“REAGAN & THATCHER, The Difficult Relationship” (by Richard Aldous)

I’ve just finished reading an extremely interesting book, “Reagan & Thatcher – The Difficult Relationship” by Richard Aldous. The protagonists are, surprise, surprise, Margaret Thatcher, British Prime Minister from 1979 to 1990, and Ronald Reagan, President of The United States between 1981 and 1989. Most of us have this idea in our heads, an image, a visual, a picture based on everything we read during the 1980’s, read, saw and heard, about not just ‘the’ but ‘their’ ‘Special Relationship’.

 

 

In ‘modern times’, what we know today as the ‘Special Relationship’ between Britain and the US started during, and thanks to, Franklyn Delano Roosevelt. When FDR became President of the US in 1933, the nation’s identity was, by and large, isolationist. The country, – and FDR, for that matter – in 1939, had no appetite for war but, by 1940/1, before the Japanese attack on Pearl Harbor, FDR’s mindset was changing. After France fell, there was a large consensus of international opinion (eg Joseph Kennedy’s – he was, then, the US Ambassador in London) that Britain would fall, that Churchill wouldn’t be able to push the Germans back. FDR felt that he simply couldn’t allow the last major democratic country in Europe still ‘staniding’ to fall to fascist tyranny. Legislation was passed in the Senate to assist Britain, eg arming the island nation to the hilt (even though Britain was, to all intents and purposes, bankrupt) and, in 1941, when Japan attacked, the US entered the War. (For more on this, see Nigel Hamilton’s “AMERICAN CAESARS, Lives of the US Presidents – from Franklin D. Roosevelt to George W. Bush”  –  it’s terrific – I’m reading it at present and I’ll blog on it when I’ve finished).

 

 

So, even before Thatcher and Reagan moved into No.10 and The White House respectively, a ‘special relationship’ existed but Thatcher’s and Reagan’s ‘special relationship’, THEIR ‘special relationship’, would add to the substance and weightiness of ‘The’ ‘Special Relationship’ which, in modern times, started in that Churchill/FDR era.

 

 

HOWEVER, as the title of the book alludes to, everything in the Reagan/Thatcher garden was not always rosy (to say the least!).

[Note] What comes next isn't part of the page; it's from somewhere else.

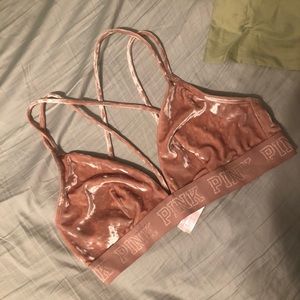 Pink velvet bralette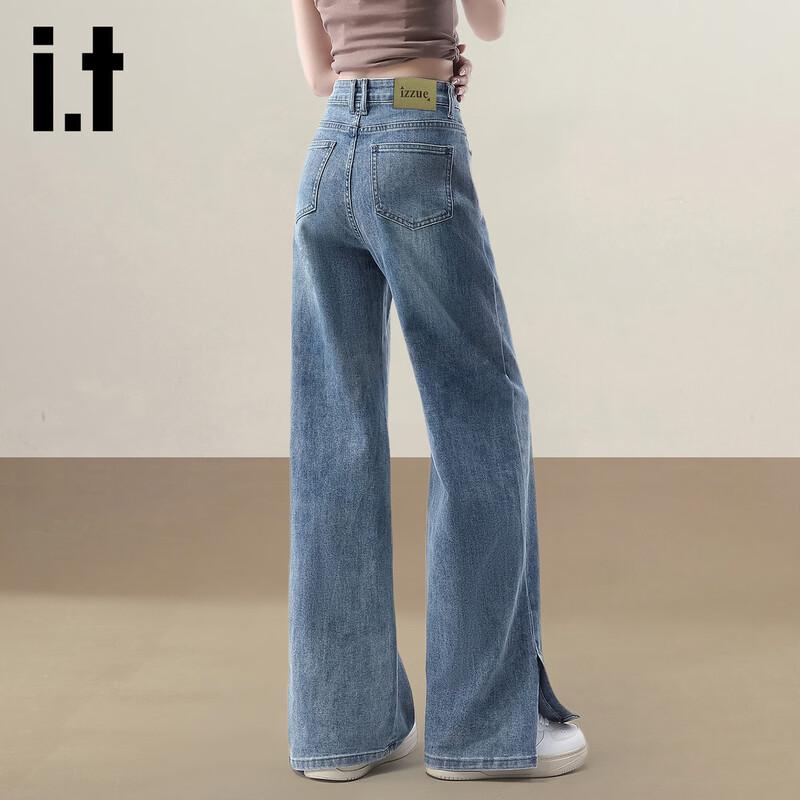 Izzue It Women's High-Waist Split Hem Vintage Wash Wide-Leg Jeans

I don’t want to give any of the details away otherwise I’ll spoil it for those of you who have not read it but, and I don’t think this is saying too much (the book’s title says as much!), there were ‘difficulties’ at times. They didn’t agree on everything, they had different opinions and policies on some national and international matters and there were times when it ‘got personal’. In hindsight, I don’t suppose that that is surprising. Of course, they were not going to agree on everything and because they did enjoy, a lot of the time, such a close working and social/personal relationship, when one of them had to disagree with the other, there was always the risk that it could ‘get personal’. Richard Aldous’ account of the relationship between these two political giants is fascinating as it throws open the doors into their world and gives us a ‘private’, a ‘fly-on-the-wall’, look at the rollercoaster relationship not shown by the media and PR people at the time.

 

 

I’m going to leave it there but, regardless of your politics, I fully recommend this book. It puts some colour, context, detail, corrections and substance into our understanding of a relationship of such importance, not just in the 1980’s but to this day insofar as it pointed us in a direction and set in motion a train of events which lead directly to where, geopolitically, we are today.